Get out that trowel, city dwellers. You don’t need acres of land to farm your own food. That’s great news for aspiring urban gardeners. Kitchen gardens, often small and just a few steps from the cutting board, are sprouting up everywhere. And for good reason. Farm-to-fork enthusiasts can grow and access fresh, nutritious produce from any size strip, pot, planter, or trough. So, add basil to your Caprese, spiralize zucchini for zoodles or grill up peppers for your fajitas — all grown with care in your very own small space.
Get the Supplies
Let’s discuss everyone’s first question: How much does it cost to start and maintain an urban garden? Fortunately, entry into the urban gardening landscape is relatively affordable and, on the flip side, can save you a little money by replacing produce bought from the store.
Purchasing urban gardening supplies requires small out-of-pocket expenses. A hose (or watering can), trowel, garden soil, seeds or starts, fertilizer and compost are easy-to-find commodities. If growing tomatoes, cucumbers, or peas, add a trellis to the shopping list.

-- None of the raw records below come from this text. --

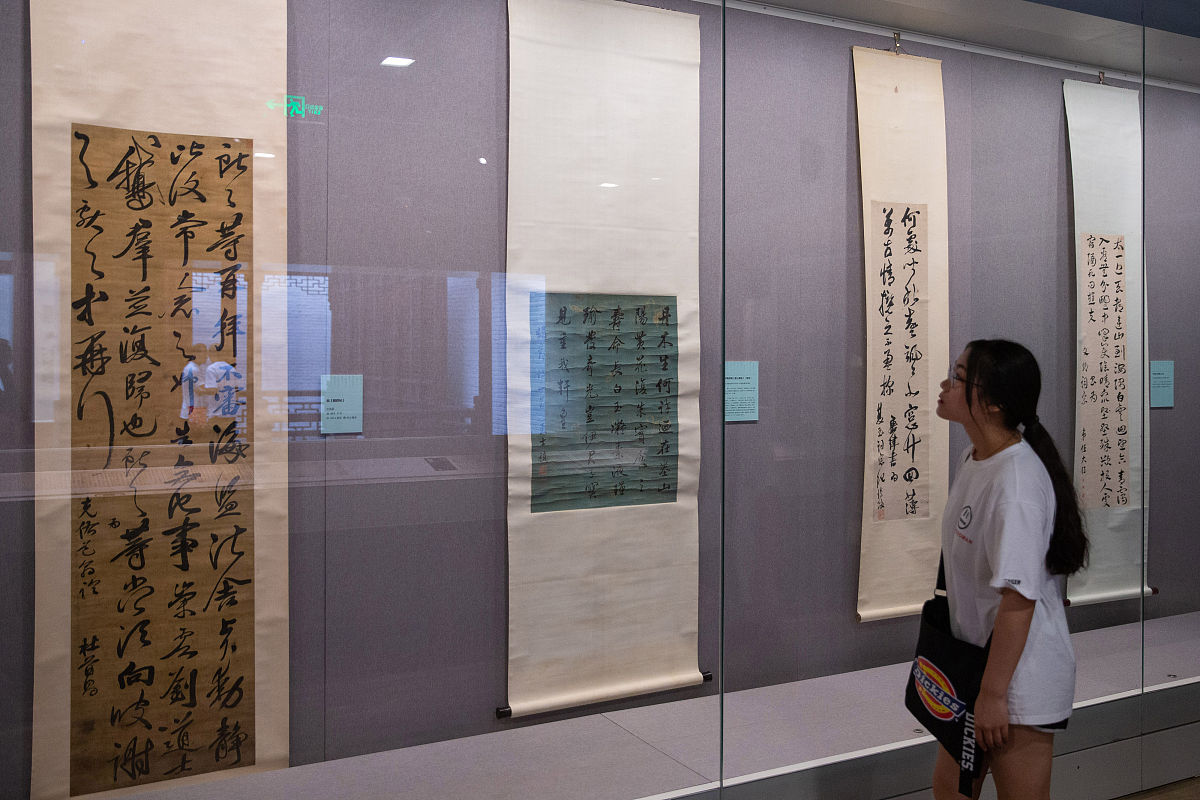 2019年7月2日,南京,观众在展览上参观展出的书法作品.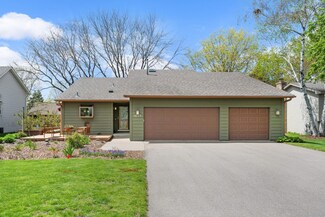4243 Yorktown Dr, Saint Paul, MN 55123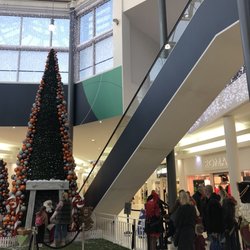 Freeport Talke Outlet Mall - Black Friday weekend shopping very low key compared to crazy US!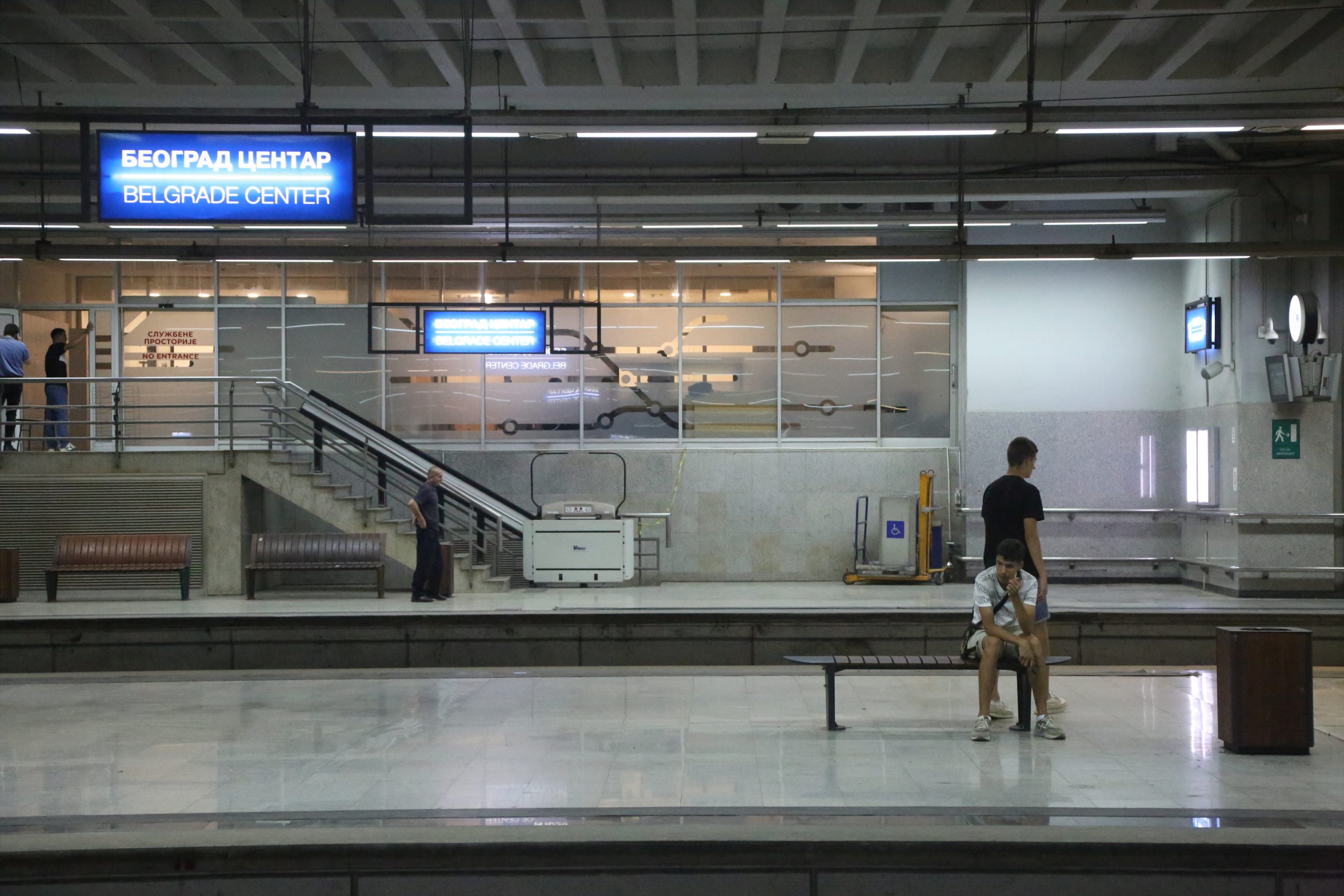 "To je VIP prolaz za metro": Prizor sa Železničke stanice u Beogradu koji je mnoge zbunio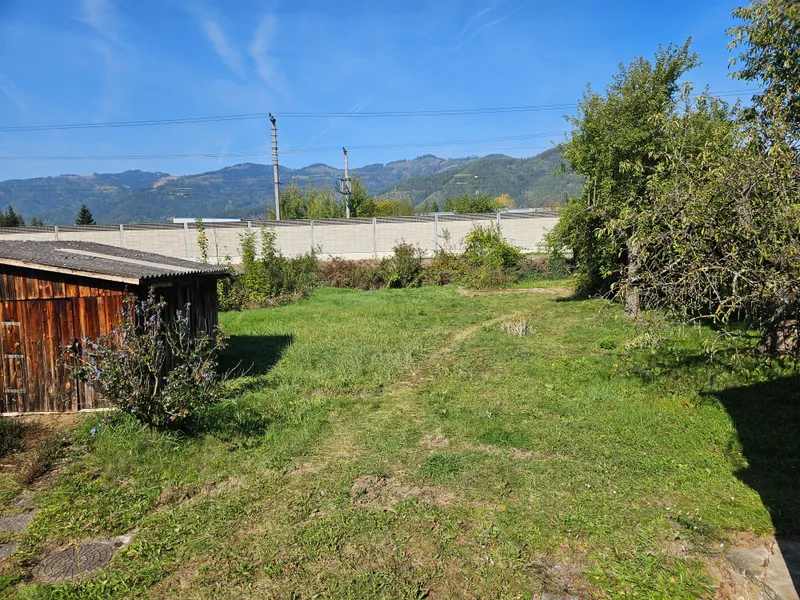 Einfamilienhaus mit Potential auf schönem, ebenem Grundstück 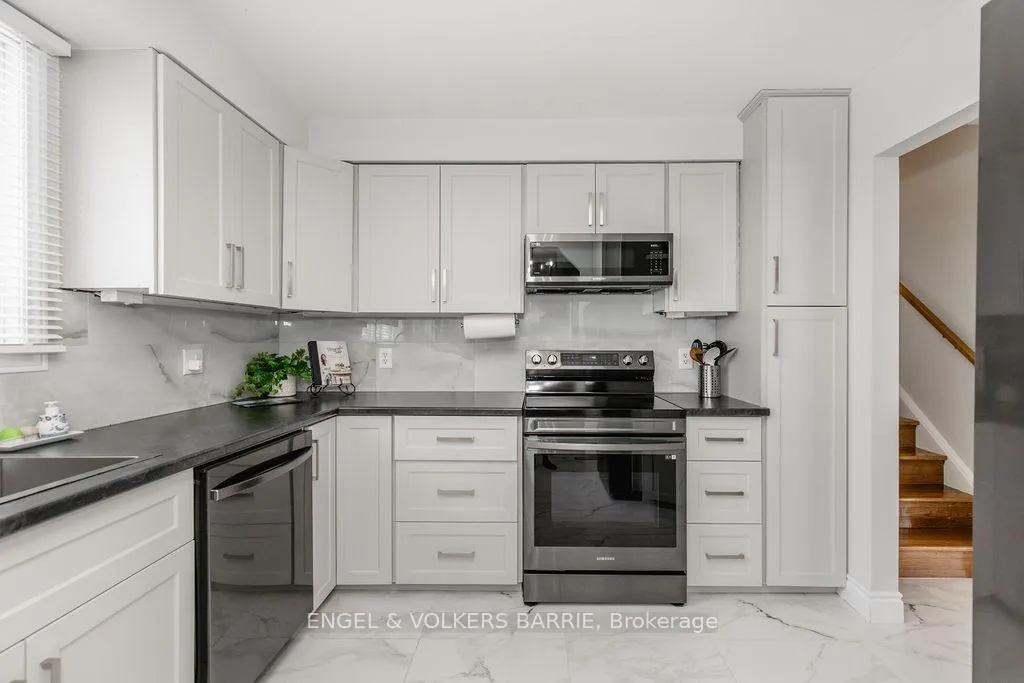 Photo 8 of 644 Algonquin Drive, Midland — HOMEH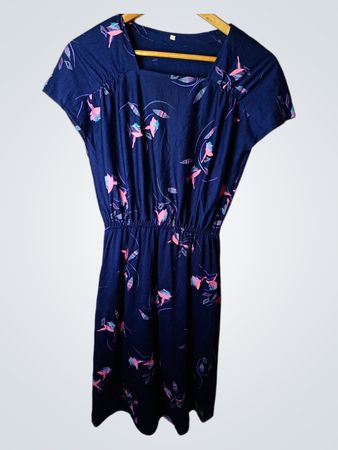 Dunkelblaues Kleid mit floralem Druck und elastischem Bund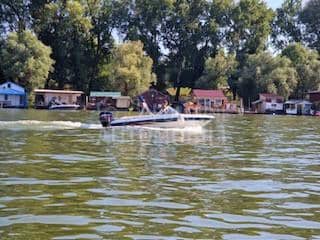 Bayliner 165 capri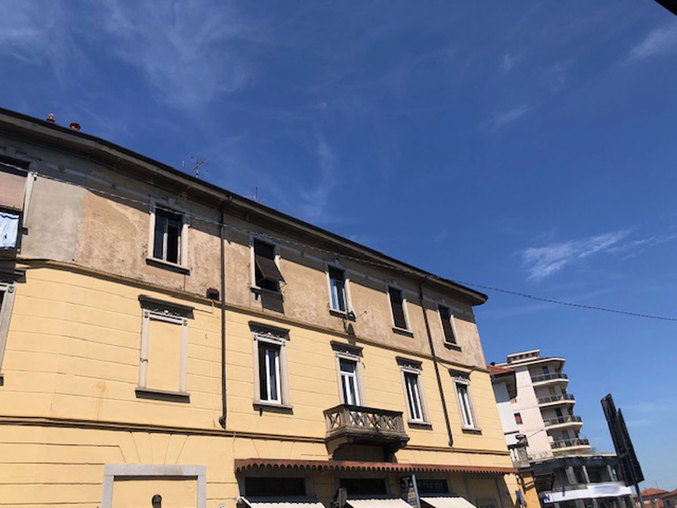 VARESE GRANDE BILOCALE CON BELLISSIMO TERRAZZO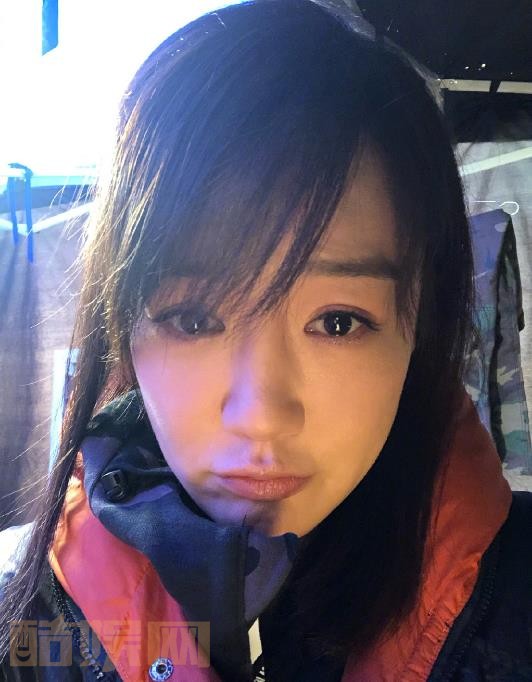 薛佳凝自拍照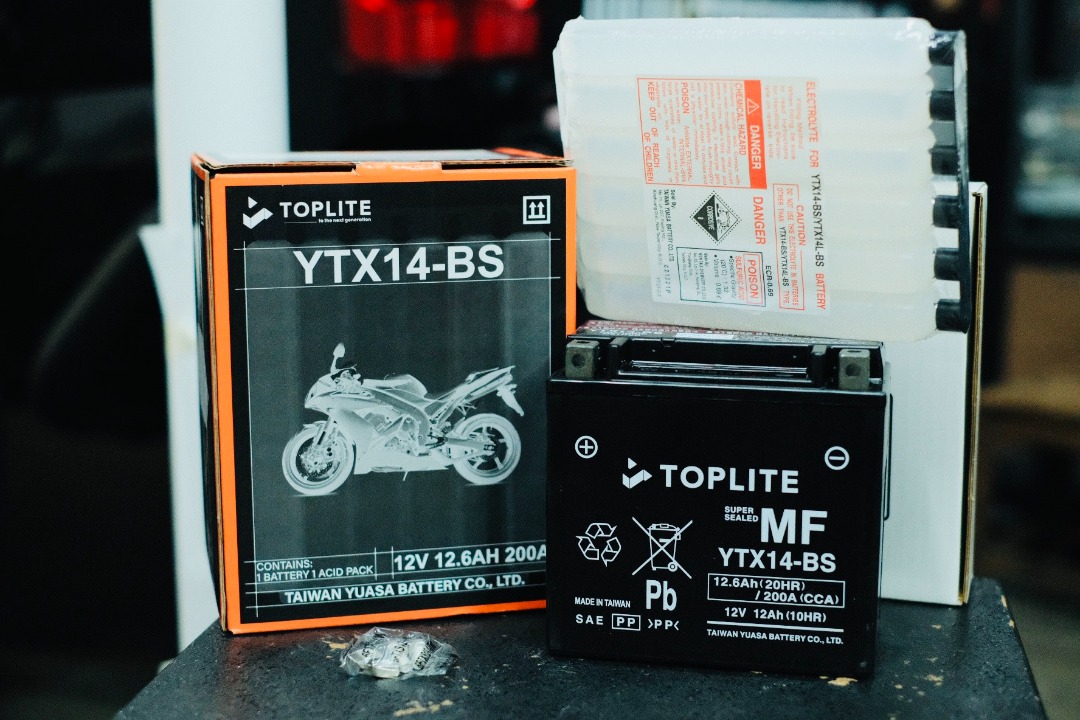 Battery YTX14-BS YUASA 12V 12.6Ah - MotoMoto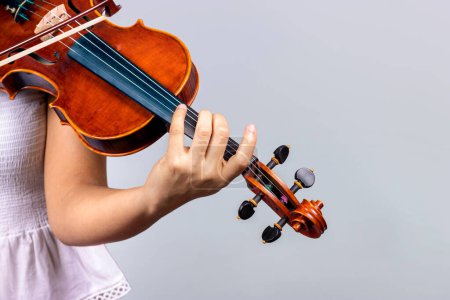 Téléchargez les photos : Violin player violinist playing hands close up isolated - en image libre de droit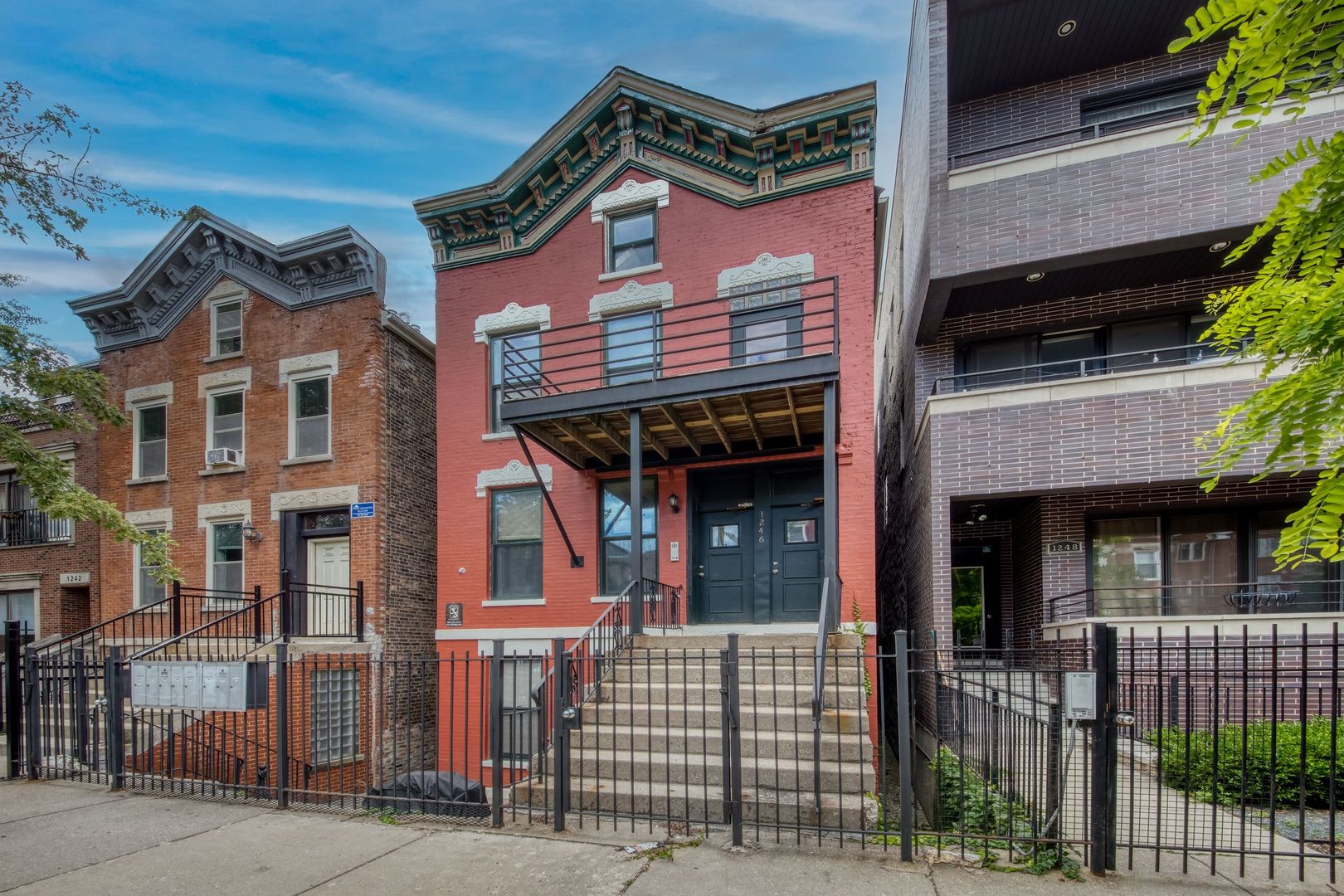 1246 North Cleaver Street, Unit 2R Chicago, IL 60642 - Photo 1 of 15 a front view of a house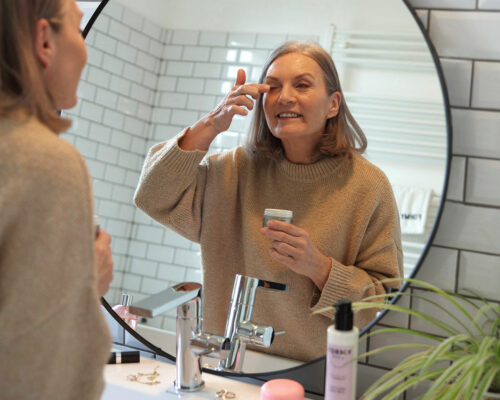 Femme testant le baume démaquillant FORMY sur ses paupières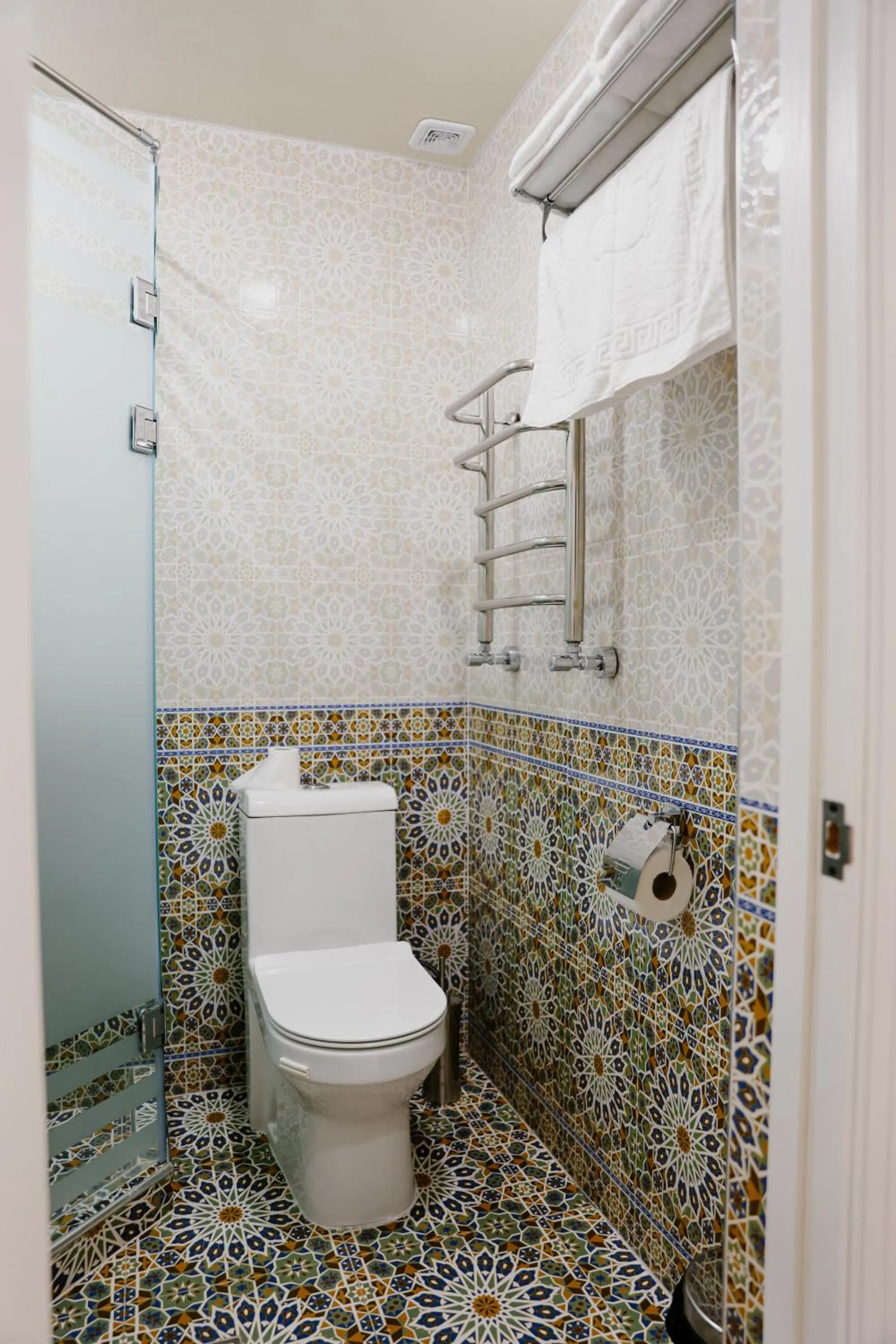 Shower in Ko'k Saroy Plaza Hotel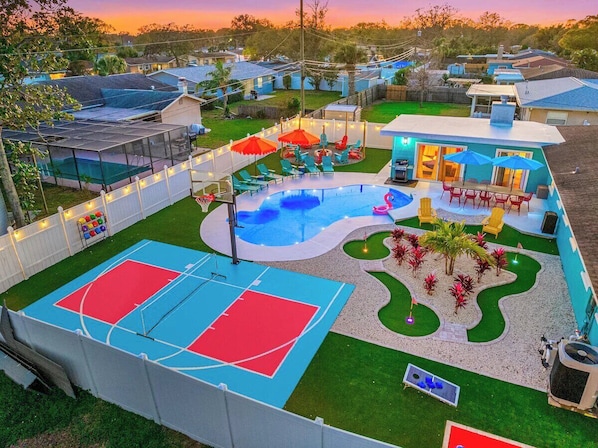 Pool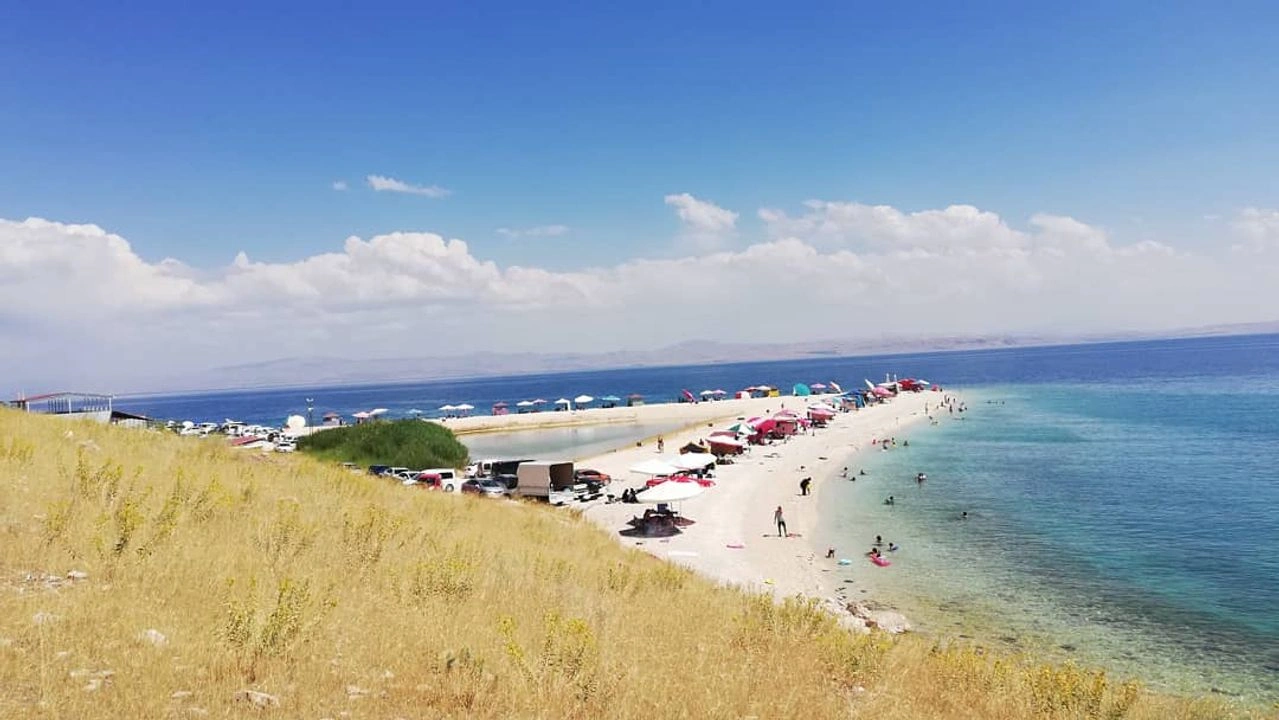 Çakıl Adası Aile Plajı Alanı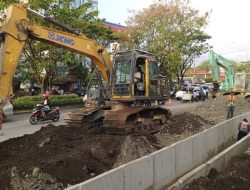 Jawab Keluhan Warga, Pemprov Sulsel Benahi Drainase Jalan Aroepala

Apartment dwellers need not feel left out of the urban gardening scene. No matter the square footage, a sunny balcony can be transformed into an herb garden or a small veggie nursery (avoid larger scale produce like melons and pumpkins that need more room to grow). Mix and match varying pot styles and sizes and, for extra style points, tuck in some flowering plants — geraniums, petunias, lobelia, or alyssum — to add a pop of color.
Mini Backyard Gardens
Even pint-sized backyards can get into the kitchen-garden game. In yards filled with sunshine, urban gardeners utilize two methods: in-ground gardens and raised garden beds. Tuck starts or seeds into just about any earthy pocket, as long as it has access to a regular water supply and the soil gets boosted with fertilizer, like mulch or compost. Gardeners can also construct small, raised beds or planters from scratch or from a prefabricated kit. Compared to in-ground gardens, raised gardens provide more control over soil quality, a better ergonomic workspace and easier protection against pests. Preference and space dictate what works best for you. Either way, best-laid plans begin in the early spring to ensure harvest time before the frost hits.
Indoor Veggies & Plants
No patio or petite plot? Fortunately, even city dwellers with a sunny (south-facing ones hit the jackpot) window can grow small vegetables including cherry tomatoes, radishes and scallions or herbs including rosemary, basil, and sage. Just a small amount of freshly snipped herbs or a handful of plucked-off-the-vine tomatoes is enough to transform a meal. DIY your own indoor garden or get an assist by purchasing an indoor garden kit or hydroponic tower.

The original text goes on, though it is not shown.